図1はクラッド鋼板の構成を模式的に示す側面図である。
図2はクラッド鋼板1の界面構造を示す反跳電子像である。
【0014】
クラッド鋼板1は、母材鋼板であるオーステナイト系ステンレス鋼板2と、合わせ材であるFeCrAlフェライト系合金層3と、拡散層4とを備える。
【0015】
オーステナイト系ステンレス鋼板2は、常温においてもオーステナイト組織を示すステンレス鋼である。オーステナイト系ステンレス鋼板2の種類は特に制限されず、公知のオーステナイト系ステンレス鋼板を特に制限なく使用することができる。オーステナイト系ステンレス鋼板2の成分も特に制限されず、公知のオーステナイト系ステンレス鋼板が有する成分を有していればよい。一例として、オーステナイト系ステンレス鋼板2は、質量%(オーステナイト系ステンレス鋼板2の総質量に対する質量%)で、Cr:15~20%、Ni:8~22%を含有し、残部がFe及び不純物で構成される。オーステナイト系ステンレス鋼板2の化学組成は燃焼赤外線吸収法、ICP発光分光分析法、不活性ガス融解法などにより測定することができる。
【0016】
Crはオーステナイト系ステンレス鋼板2の耐食性に寄与する元素である。例えばクラッド鋼板1を液体金属が流れる配管に使用する場合、オーステナイト系ステンレス鋼板2は配管の外側(大気側)に向けられる。配管は高温になりやすいので、配管の周囲の大気も高温になりやすい。Crは、このような高温大気中でのオーステナイト系ステンレス鋼板2の腐食を防ぐ。Niはオーステナイト系ステンレス鋼板2のFeをオーステナイト単相に保ち、さらにオーステナイト系ステンレス鋼板2の加工性を高める。不純物は、オーステナイト系ステンレス鋼板2を工業的に製造する際に、原料としての鉱石、スクラップ、または製造環境などから混入するものである。
【0017】
オーステナイト系ステンレス鋼板2の厚さは特に制限されず、クラッド鋼板1の用途等に応じて適宜調整されればよい。
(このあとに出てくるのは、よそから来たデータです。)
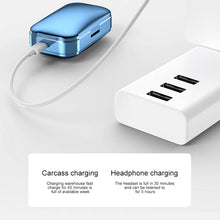 Load image into Gallery viewer, A6 TWS Bluetooth 5.0 Touch Wireless Bluetooth Earphone with Charging Box &amp; LED Smart Digital Display, Support Voice Assistant &amp; Memory Connection &amp; HD Call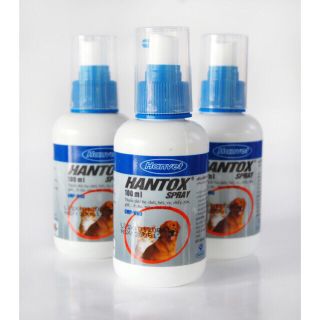 Thuốc diệt bọ chét, bét, ve, chấy, rận, ghẻ ở chó, mèo, thú cảnh HANTOX SPRAY 100ml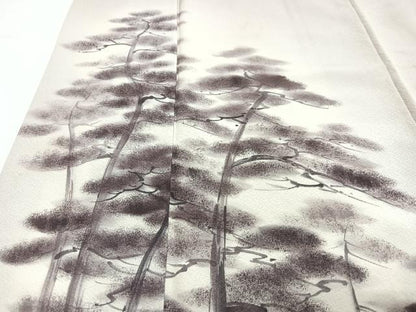 平和屋着物■訪問着　手描き　枝松文　暈し染め　正絹　逸品　CABH4267xe
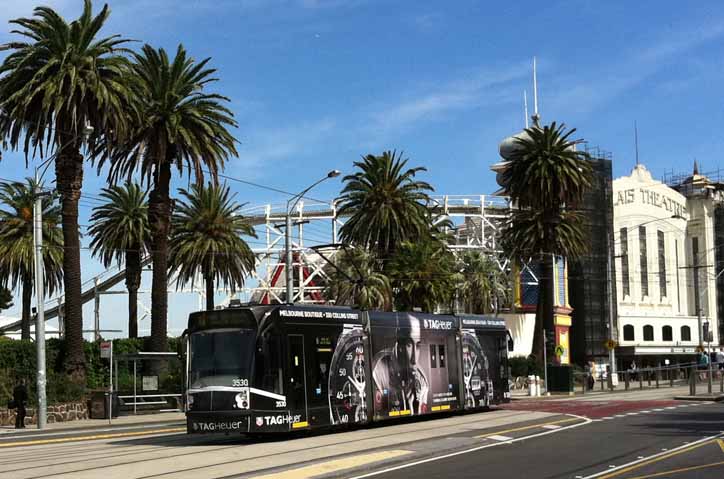 Yarra Trams Siemens Combino Tag Heuer 3530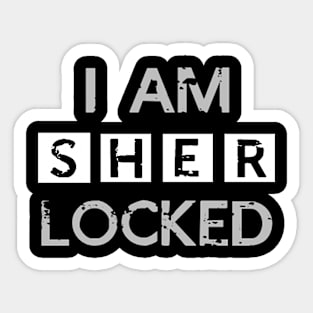 I am Sherlocked Sticker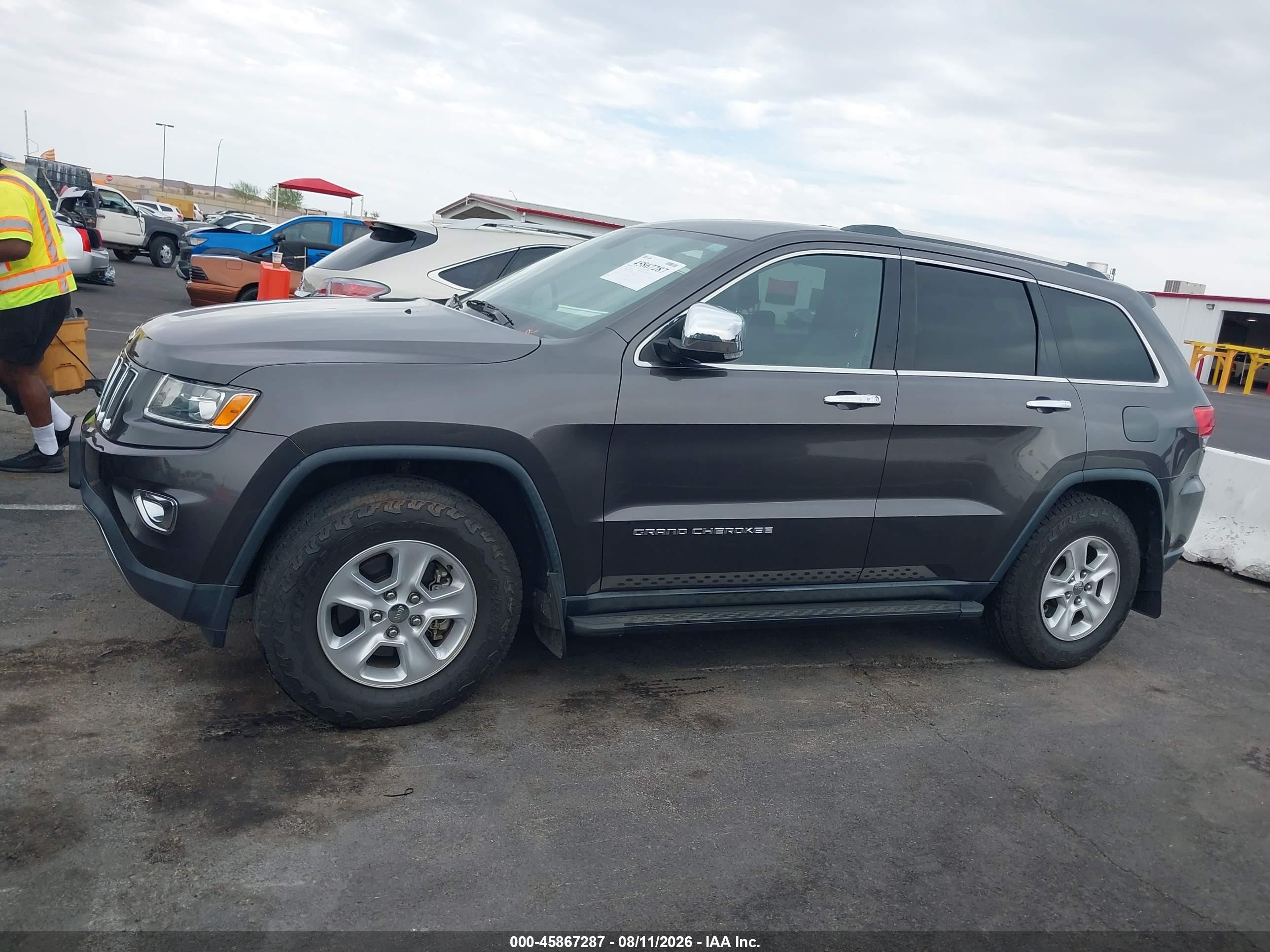 2014 Jeep Grand Cherokee Limited Gray vin: 1C4RJFBG9EC566309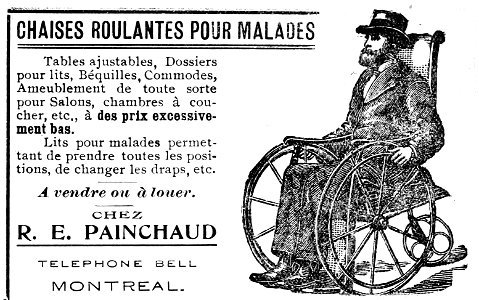 Chaises roulantes - R. E. Painchaud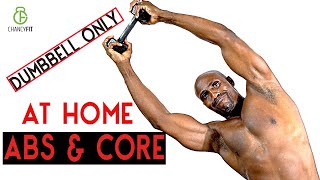 ABS WORKOUT |  CORE AND ABS WORKOUT AT HOME (Dumbbell Only)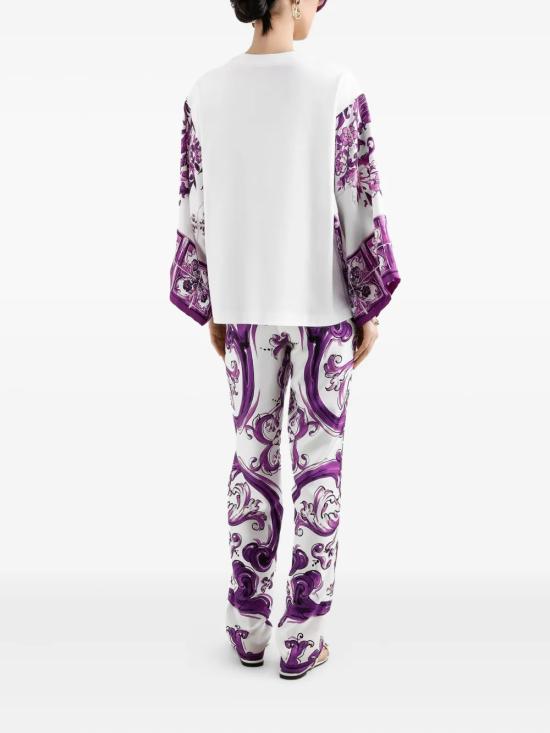 26SS 돌체앤가바나 탑 F8V77ZGDDCC W0800 BIANCO OTTICO - DOLCE & GABBANA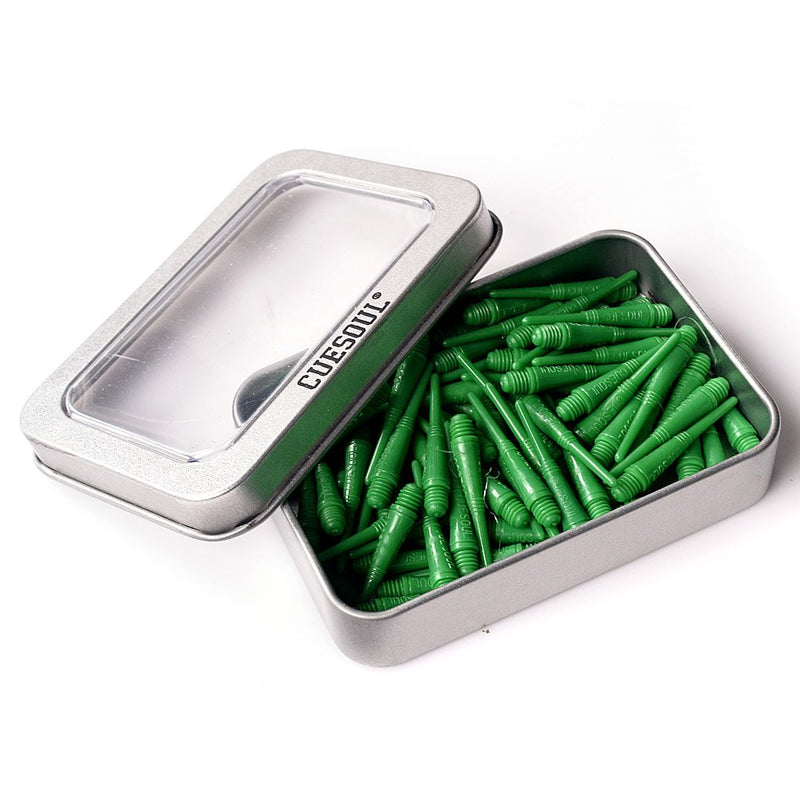 CUESOUL Soft Tip Darts Points 2BA Thread Pack of 100 pcs Green - BeesActive Australia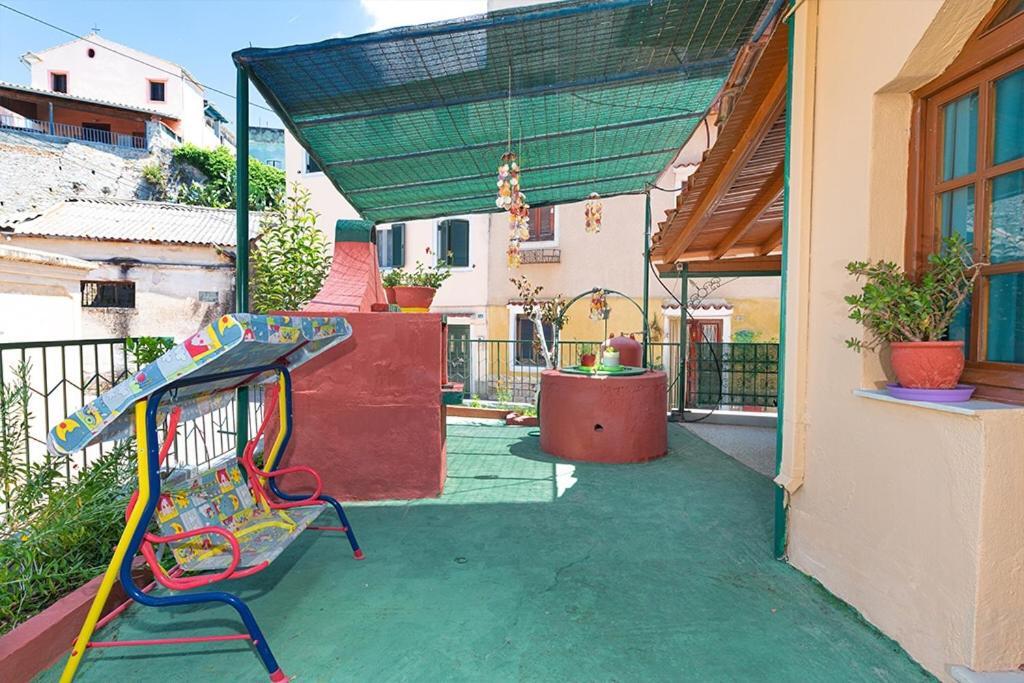 Fay'S Barbeque Garden House -Family Activities Corfu Port Apartment Ngoại thất bức ảnh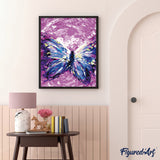 paint by numbers | Abstract splendor | animals butterflies intermediate | FiguredArt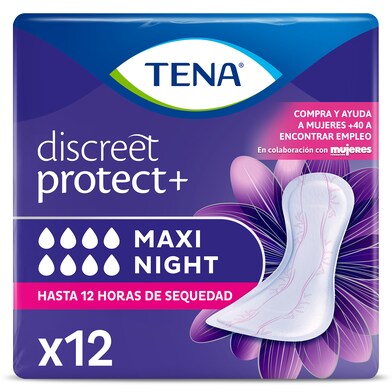 Compresas de incontinencia maxi night Tena bolsa 12 unidades-0 Compresas de incontinencia maxi night Tena bolsa 12 unidades-0
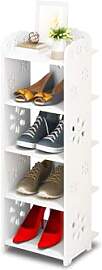 Dripex Schuhregal Standregal 5 Ablagen Schuhablage 
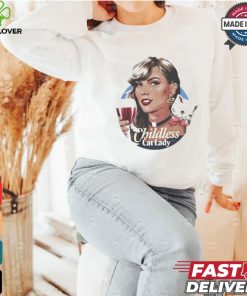 James Hillier The Childless Cat Lady T shirt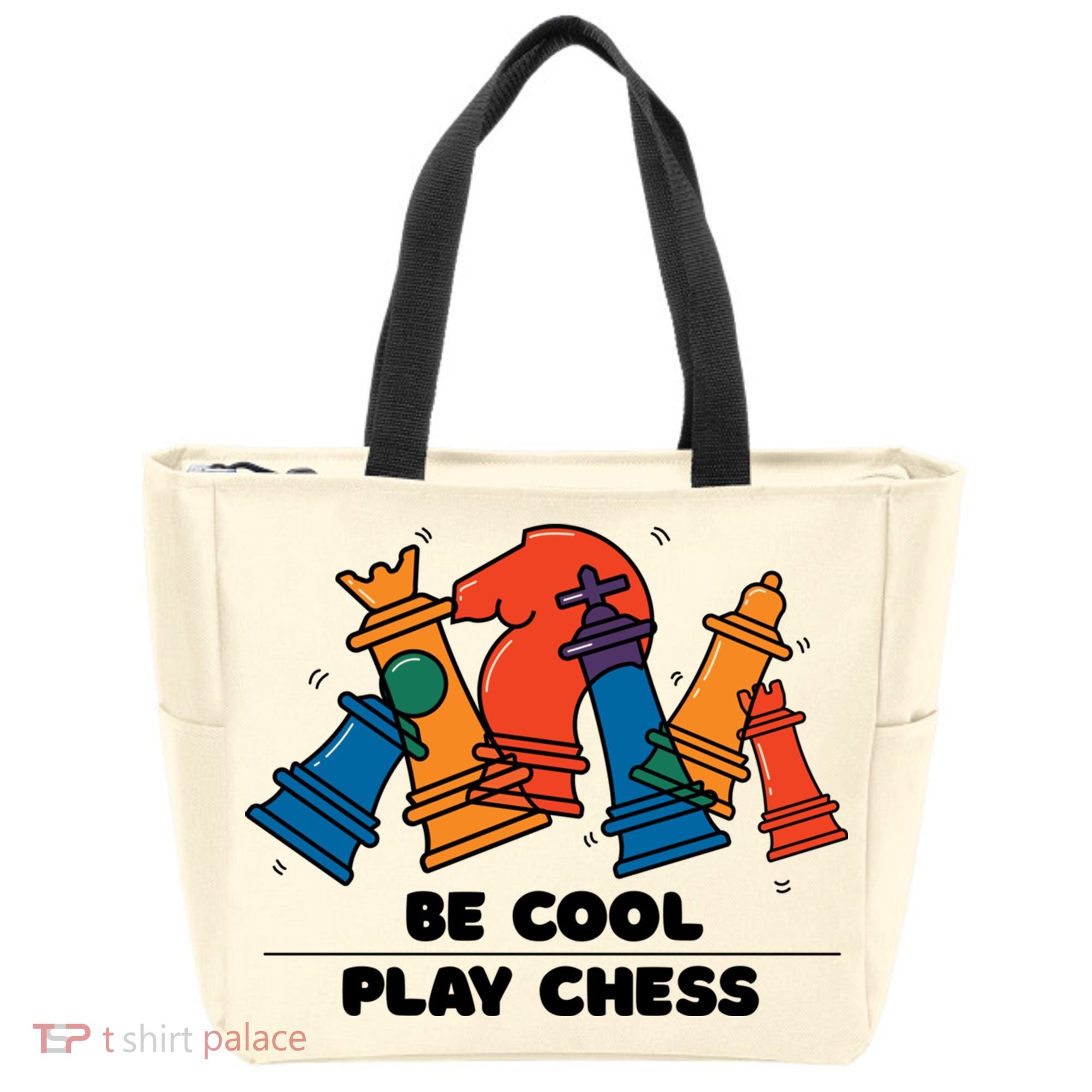 Funny Chess Be Cool Play Chess Tote Bag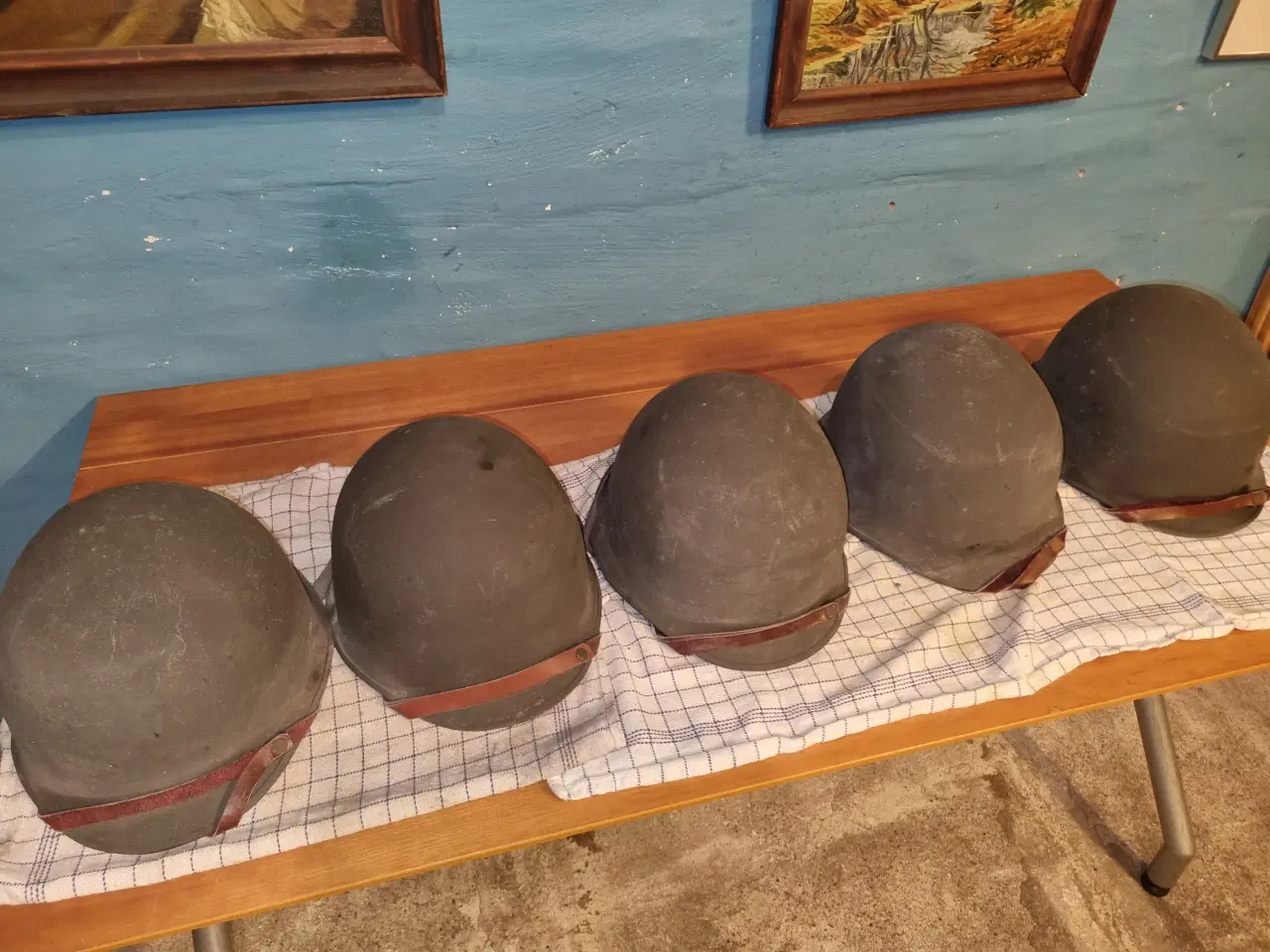 Billede 1 - Ægte militær stål hjelme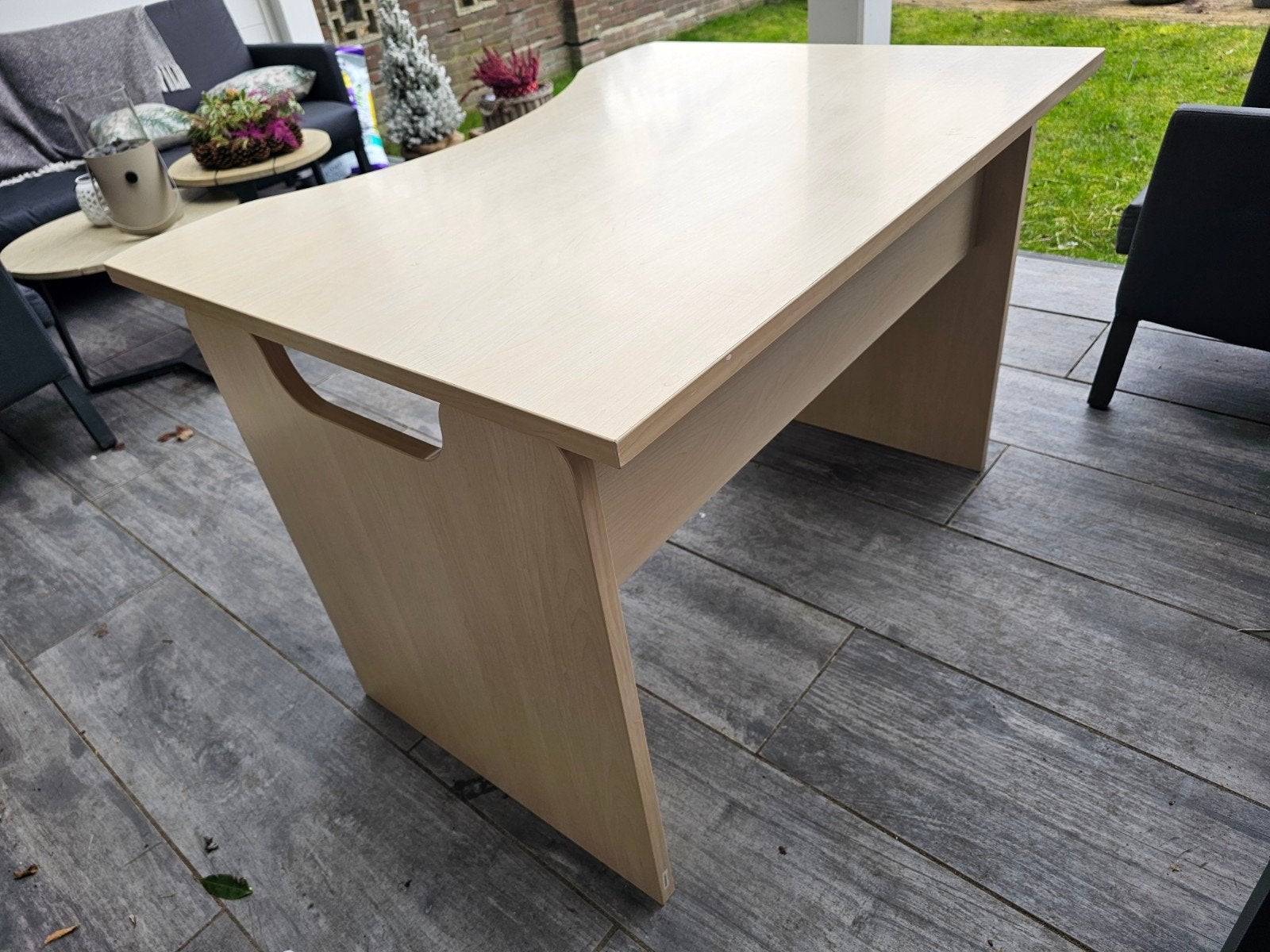 Buro, Ophalen, Gebruikt, Rechthoekig, 50 tot 100 cm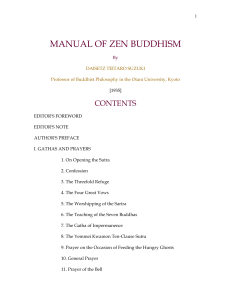 manual of zen buddhism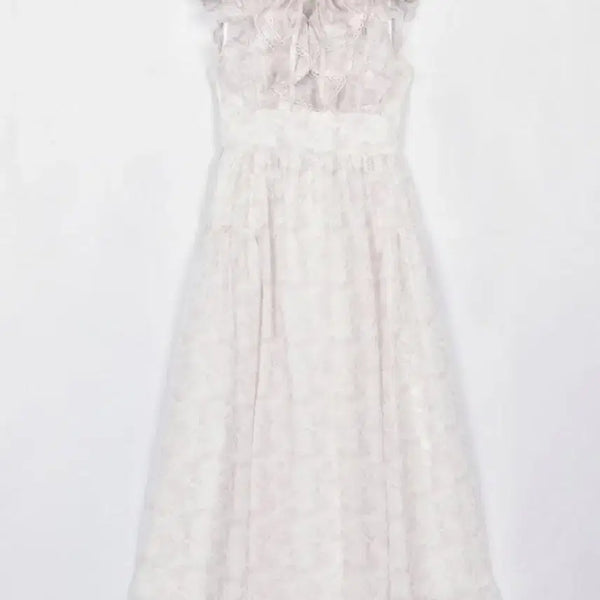 [BUNJANG] Anmille Floral Lace Dress Pink / Anmille 안밀 일브 플라워 레이스 원피스 스나계 핑크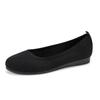 Zapatos casuales nuevos de otoño, zapatos de mujer de comercio exterior, tallas grandes, planos, de color sólido, con superficie de malla transpirable, zapatos de exterior de Europa y Estados Unidos.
ただし、FeCrAlフェライト系合金層の使用量をなるべく低くするという観点からは、FeCrAlフェライト系合金層3の厚さ以上であることが好ましく、例えば5.0~10.0mm程度であってもよい。
【0018】
FeCrAlフェライト系合金層3は、常温でフェライト組織を示す合金層であり、クラッド鋼板1に高い耐食性を付与する合金層である。FeCrAlフェライト系合金層3は、例えば質量%で、Cr:12~22%、Al:5~10%を含有し、残部がFe及び不純物で構成される。FeCrAlフェライト系合金層3の化学組成は、例えば走査型電子顕微鏡に付属するエネルギーまたは波長分散型X線分光法(SEM-EDSやWDS)で測定される。また、FeCrAlフェライト系合金層3の表面(すなわち、クラッド鋼板1のFeCrAlフェライト系合金層3側の表面)には、アルミを主成分とする酸化膜が形成されている。FeCrAlフェライト系合金層3の表面にアルミを主成分とする酸化膜が形成されていることは、例えば反跳電子像観察とEDSまたはWDS分析とを組み合わせることで確認できる。すなわち、クラッド鋼板1の厚さ方向に平行な断面のうち、FeCrAlフェライト系合金層3の表面近傍を反跳電子像観察すると、黒色の膜が観察される。この膜をEDS分析すると、AlとOが検出される。これにより、FeCrAlフェライト系合金層3の表面にアルミを主成分とする酸化膜が形成されていることが確認できる。EDS分析による元素マッピングの結果の一例を
図7(a)~(c)に示す。
図7(a)はFeCrAlフェライト系合金層3の表面及びその近傍の反跳電子像である。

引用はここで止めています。